How to recover from foot and ankle injuries
They carry us from room to room. They help us run through the park. They ground us when we hug our children and grandchildren. Our feet and ankles support us throughout our lives. So, when we suffer an ankle sprain or injure our foot, getting the right care matters. To help you heal sore ankles and feet, orthopedic surgeon Christopher Hubbard, MD, answers some common questions.
Who is at highest risk for foot and ankle injuries?
Injuries such as ankle sprains, ankle strains, mid-foot injuries and Achilles tendon injuries are most common in athletes. This includes children, adolescents and young adults who engage in competitive sports, along with recreational athletes of any age. In addition, older people are at risk for arthritic or degenerative conditions that have progressed over time in the foot or ankle.

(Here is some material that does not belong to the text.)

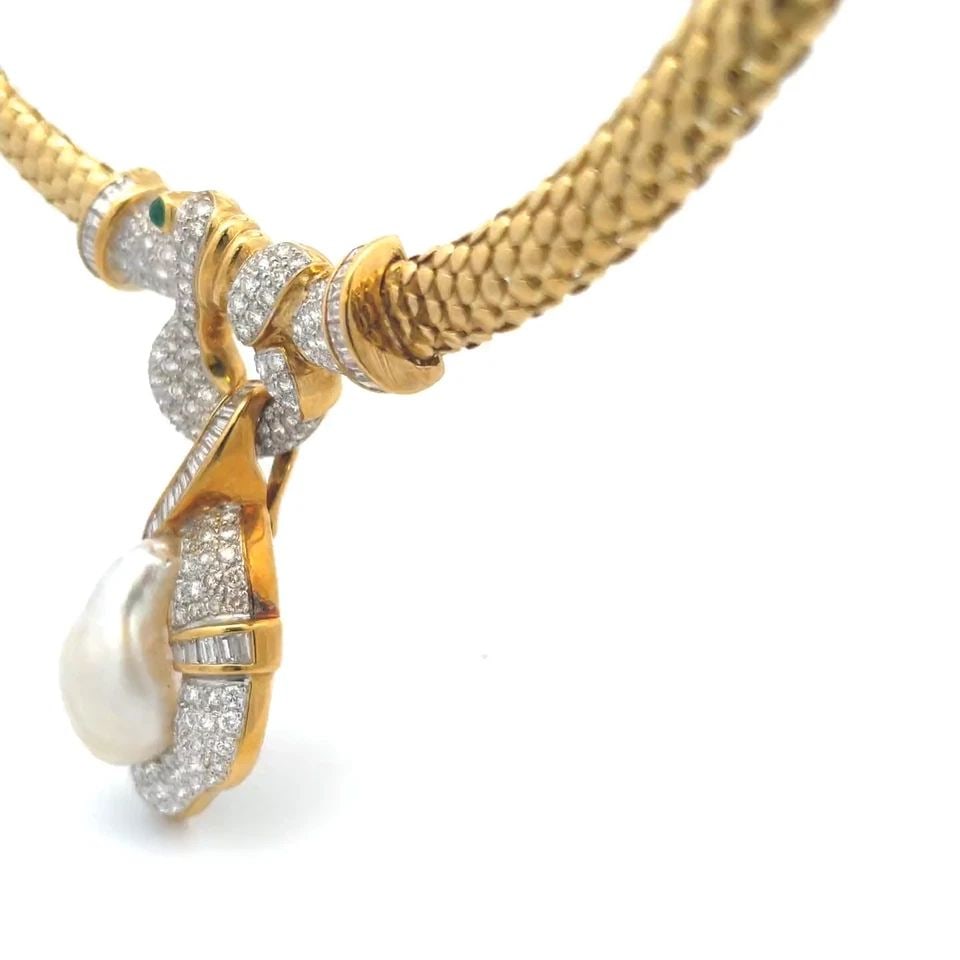 DIAMOND GOLD BIRD NECKLACE 18K YELLOW WIDE FLEX LINK NECKLACE VINTAGE (1 of 2)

When should someone see a doctor for a foot or ankle injury?
When patients experience any type of acute foot or ankle injury—or when they experience any pain or swelling—they should see an expert who can help them relieve the pain and get back to full function. The sooner you get a diagnosis and learn your options, the faster we can help.
Does seeing an orthopedist mean you will need surgery?
No. We always start with conservative treatments, which may include rest, physical therapy or a special shoe (orthotics), a cast or a splint depending upon your injury or condition. We also give patients tips on how to prevent future injuries.
How common is arthritis in the foot and ankle?
While it’s more common in the hip and knee joints, arthritis can occur in the foot and ankle. Most often it’s happens with people who suffered a foot or ankle fracture when they were younger. In severe cases, foot or ankle arthritis will cause pain with every step.
What options are there for people with severe ankle arthritis?
In the past, people with severe ankle arthritis had only two options: live with the pain or get fusion surgery. The problem with fusion surgery is that fused ankles can’t move. That adds stress to the nearby bones, which then may also develop arthritis. But a third option—total ankle replacement—is emerging as an alternative. The implants have improved greatly over the past 20 years, with 90% of ankle implants lasting 10 years. That’s just a little less than total hip or knee replacement implants, which are much more common.
Dr. Hubbard recently completed Chilton Medical Center's first total ankle replacement surgery with great success. During the two-hour procedure, Dr. Hubbard removed a thin wafer of bone and replaced it with a metal and polyethylene implant that’s designed to mimic the natural movement of the ankle.
“This surgery is a real game changer for people whose ankle arthritis causes constant pain and limits their activity,” says Dr. Hubbard, who joined the medical center last year after spending 17 years at Beth Israel Medical Center in New York City.
Chilton Medical Center is part of an Atlantic Health System orthopedic team that performs more than 4,000 hip, knee and ankle replacement surgeries each year.